Teixeira is on the 15-day DL with a Grade 1 hamstring strain, the least serious of the injury. The Yanks have made up for his loss by giving Johnson most of the reps at first base, while also using Francisco Cervelli over there, as they did Tuesday. I might be safe to say that Teixeira's days as a presence in the middle of the lineup are over, but he would easily be a better bet than Johnson or Cervelli over at first base, especially considering neither has ever spent much time at the position in their careers.
I mentioned this above, too, but Teixeira going on the DL and needing Johnson to play more first base gives more at-bats to Solarte, and they need him in the lineup with the way he's hitting.
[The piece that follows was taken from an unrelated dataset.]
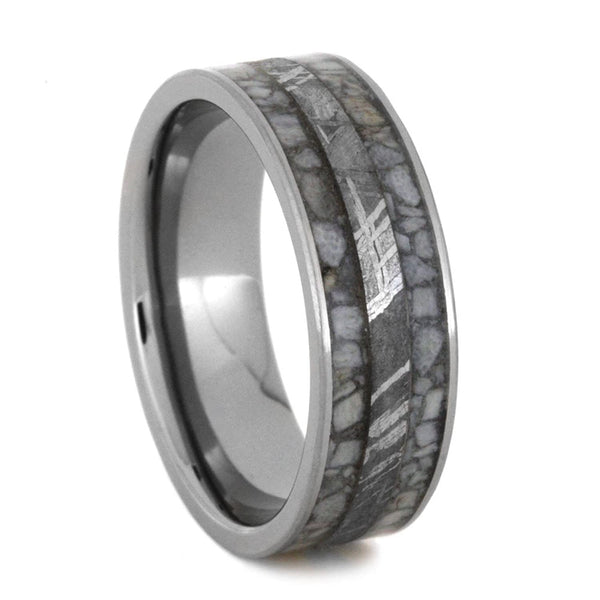 Deer Antler with Gibeon Meteorite Inlay 7mm Comfort-Fit Titanium Wedding Band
And then there's David Robertson, maybe the most effective injury of them all. Robertson's injury leaves a big hole in the bullpen, and even though the relievers are doing their jobs so far, it's still really hurts the pen to lose Robertson.
As we saw yesterday, Girardi didn't want to have to use his bullpen in a game that was pretty much over early on, so he left Vidal Nuno out there to absorb most of the damage. Being that he threw 67 pitches, he'll be out for a couple of days, so the Yankees sent down Austin Romine to call up Shane Greene this afternoon, adding another arm to the pen.
Hopefully Robertson is able to come back in the minimum 15 days, because the bullpen is a better place when he's closing, Shawn Kelley is the setup man, the everybody else is wroking from the 7th inning downward.
Starting pitchers start off on a struggle: We're almost two turns through the starting rotation, and I must say, the Yankees' starting pitchers could have been a lot better in their first or first two starts of the year.
CC Sabathia looked terrible in his Opening Day start against the Houston Astros, but looked a lot better against the Blue Jays this past Sunday until giving up three runs in the 6th inning. He's clearly not an ace anymore, but if he can pitch the way he did during the spring, when his pitches looked sharp, he was commanding the strikezone, and velocity was an afterthought, he can still be a good starter.
Hiroki Kuroda has battled through two starts, we can say that, but he hasn't looked like the 2013 Kuroda that was one of the best pitchers in baseball for most of the season. I'm sure he'll get things on the right track, however, because he's a pro and knows what he's doing, and how to fix things.
Nova, he's bee disappointing. Especially yesterday, giving up seven runs in 3.2 innings. The Yankees expect a lot out of him this showing after showing a lot of potential in the second half of last season. Again, it can't be said that he won't turn things around, but for a young pitcher, it's more important for him to do so more than an experienced veteran like Kuroda.
Masahiro Tanaka and Michael Pineda. What's there to be picky about? Tanaka made his major league debut against the Blue Jays on Saturday and looked great. The Yankees gave him a lead, and he worked with it all the way to victory. He's making his Yankee Stadium debut tonight against the Orioles, and I expect that to be quite the show. And with Pineda, he's been away from the majors for two year, so anything he does now, you should just be glad he's healthy.
However, the one thing about this group of starters that has really impressive me the most -- and I guess it can be said about the pitching staff as a whole -- is that they're not walking anybody.
Through eight games, Yankees starters have walked just seven batters through 46.2 innings -- and five of those walks are Nova's. The pitching staff altogether was walked 18 in 69 innings this season.
That just shows how well the pitchers are throwing strikes, and keeping the ball near the strikezone, which can help and hurt you at the same time, though. Either way, I like it, and hope that continues as the season goes on.